**Information given:**

_ _ _ _ _ _ _

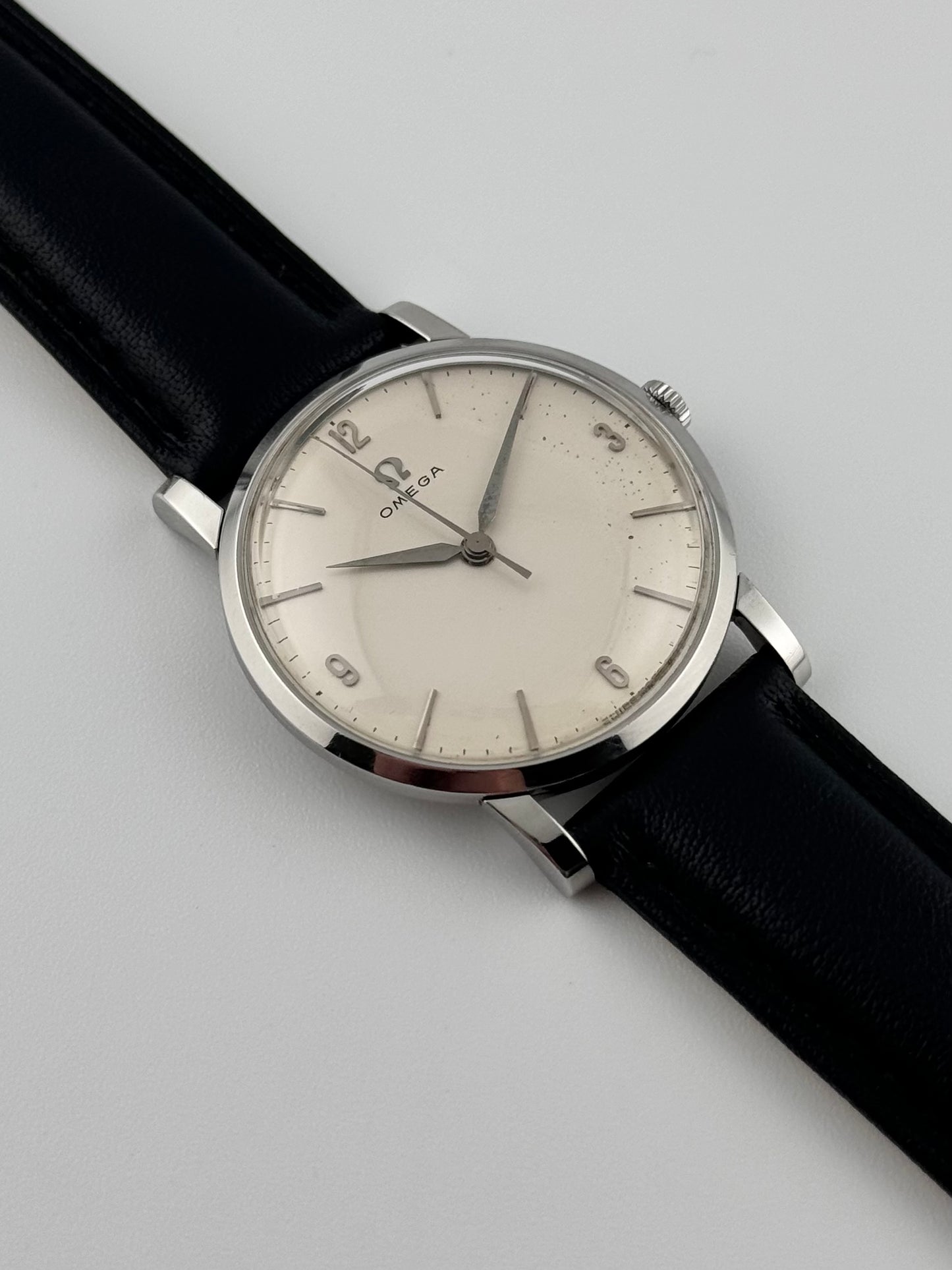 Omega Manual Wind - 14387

_ _ _ _ _ _ _

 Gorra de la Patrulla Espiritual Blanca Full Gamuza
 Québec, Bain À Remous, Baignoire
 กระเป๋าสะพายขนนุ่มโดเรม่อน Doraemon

_ _ _ _ _ _ _

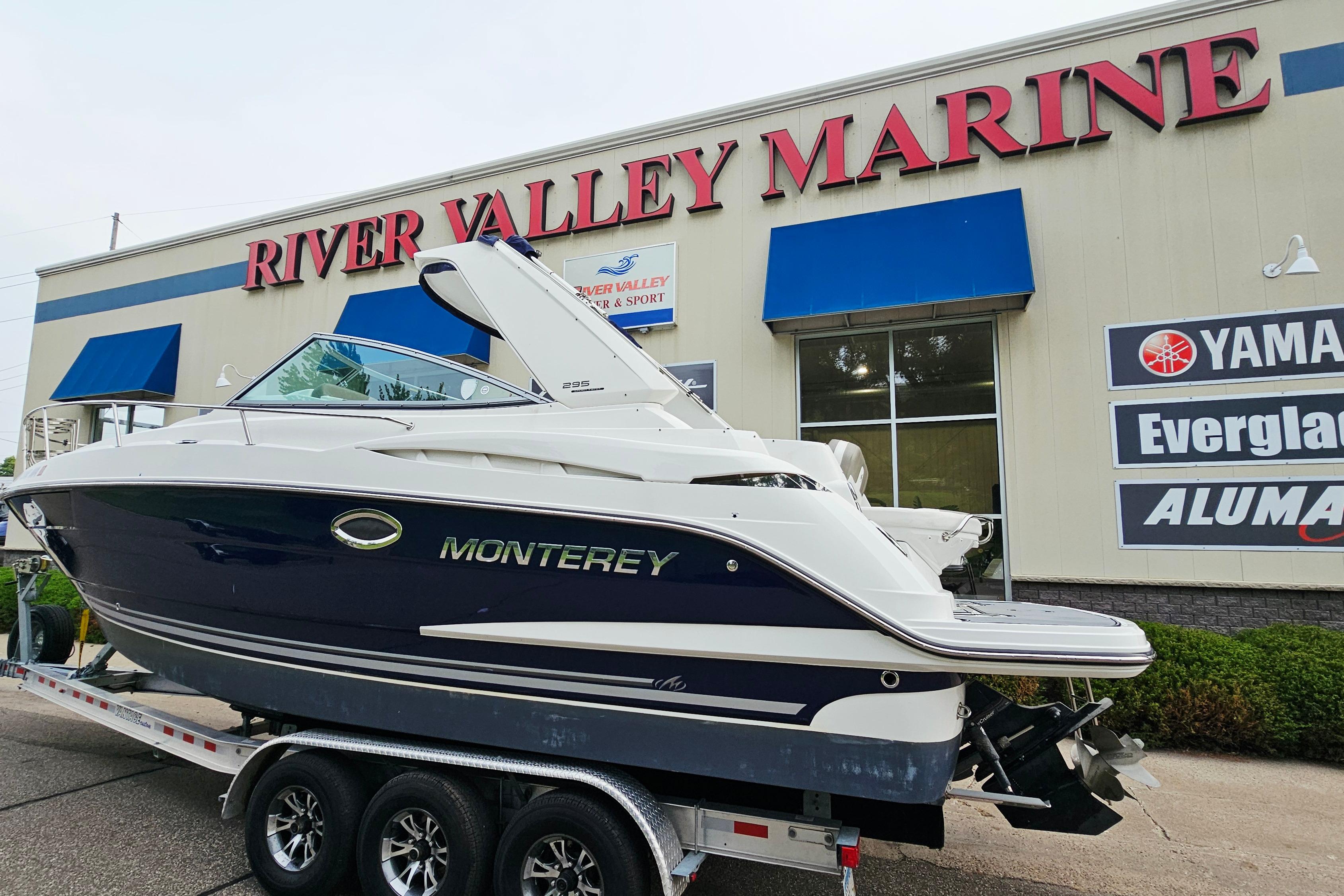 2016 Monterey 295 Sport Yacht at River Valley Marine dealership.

_ _ _ _ _ _ _

**Directions for this task:** Take the line above containing "Québec, Bain À Remous, Baignoire", the line containing "กระเป๋าสะพายขนนุ่มโดเรม่อน Doraemon", and all lines in between, and copy them exactly without anything else.

**Result for this task:**
 Québec, Bain À Remous, Baignoire
 กระเป๋าสะพายขนนุ่มโดเรม่อน Doraemon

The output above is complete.